The records
----------
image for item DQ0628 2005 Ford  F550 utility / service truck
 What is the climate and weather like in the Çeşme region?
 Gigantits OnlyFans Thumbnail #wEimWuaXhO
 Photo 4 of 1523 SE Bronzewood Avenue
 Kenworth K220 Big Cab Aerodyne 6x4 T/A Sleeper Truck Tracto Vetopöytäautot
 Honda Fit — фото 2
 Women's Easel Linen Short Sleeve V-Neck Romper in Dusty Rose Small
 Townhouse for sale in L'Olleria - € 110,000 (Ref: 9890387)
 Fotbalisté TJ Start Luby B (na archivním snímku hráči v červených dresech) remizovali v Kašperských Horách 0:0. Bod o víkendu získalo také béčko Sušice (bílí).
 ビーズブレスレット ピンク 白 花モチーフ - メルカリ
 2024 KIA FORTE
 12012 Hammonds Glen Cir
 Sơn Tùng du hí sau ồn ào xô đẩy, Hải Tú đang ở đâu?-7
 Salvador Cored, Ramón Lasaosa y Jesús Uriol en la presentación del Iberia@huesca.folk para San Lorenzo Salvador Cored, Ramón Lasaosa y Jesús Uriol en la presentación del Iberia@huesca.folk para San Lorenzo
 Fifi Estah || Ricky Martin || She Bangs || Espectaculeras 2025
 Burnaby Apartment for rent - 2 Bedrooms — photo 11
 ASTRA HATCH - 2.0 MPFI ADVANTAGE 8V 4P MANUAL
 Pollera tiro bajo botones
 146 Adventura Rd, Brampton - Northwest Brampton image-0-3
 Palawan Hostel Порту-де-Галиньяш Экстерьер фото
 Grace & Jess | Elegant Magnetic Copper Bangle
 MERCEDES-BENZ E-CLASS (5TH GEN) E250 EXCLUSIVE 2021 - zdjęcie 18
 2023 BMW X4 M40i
----------
Required action
Go through the listing above and list every line that has the word "фото".

Exercise output
 Honda Fit — фото 2
 Palawan Hostel Порту-де-Галиньяш Экстерьер фото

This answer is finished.